Yep a lot of us have experienced that and you'd be surprised if you surf around some post, the amount of posters with issues at 13-15 months is amazing!!!!!!!!!!!!!!!!... having said that, I'd place a bet on your lo having teething issues. Mine has been also always a "short sleeper", that is, the most i get from him in a super good night is 11 hours, his average is 10.5 (he has never done the 12 that the book says he should LOL, maybe i should read it to him)... anyways, he was always a good napper. But when he started teething his 1 year molars (which was about 13-15 months, yes, it took us that long!) he was being a bear, napping awfully, waking early, crying out in the middle of the night with me crying out too because i couldn't find anything to comfort him (i even went back to my old ways of rocking him to sleep and nop, that didn't help)... one day i was doing wi/wo and he was so worked up that he managed to climb out of his crib in the darkness!!!!!!! so, you get the picture, we had a very similar scenario than yours.
A few things you can do to ease this teething process (which can be tricky cause you won't be able to see white bumps for a while, say 3 weeks, and it's surprising how they behaviour is so bad at night, when in the morning they seem perfect).
1. MEds before bed, i found that ds would not react to meds if he was woken from pain. I had to give them BEFORE pain so I would give them at bedtime and on awful days, an extra dose 7 hours later, sort of a "dream feed" of meds. I used a combo of TYlenol and Motrin (both) on the worse weeks. But you have to check with your ped first, to see what he prescribes.

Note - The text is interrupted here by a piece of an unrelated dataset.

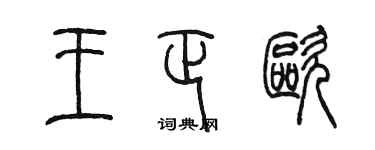 陈墨王正欧篆书个性签名怎么写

2. Early bedtime: On days he has one nap and wakes at 1 pm or earlier, i think you should get him to bed super early, even as early as 6 pm, cause 7 pm is a lot of awake time for his age (my son is 23 months and has trouble holding for 6 hours of activity...) so, if you put him to bed early, you avoid overtiredness and surprinsigly, this might result in later wake ups in the morning.
3. Handle every night waking and early waking very calmly (I know i was a bear by week 2 and thinking back, that might've made my issues last longer). You have to go to him only if he's crying for you. If he babbles/sings/chats even if it's too early in the morning you have to let him be. When he's crying for you you dont' say much, only it's night time, mommy's tired we have to sleep and lay him back and leave the room. If he cries for you, then you count to 10 and go back again... if he needs extra reasurance and you notice this wi/wo is not working, you can try to stay in his room till he drifts off to sleep.
I hope some of this helps you, it's a rough phase but thanks God it's only a phase and it passes!!!!!!!!!!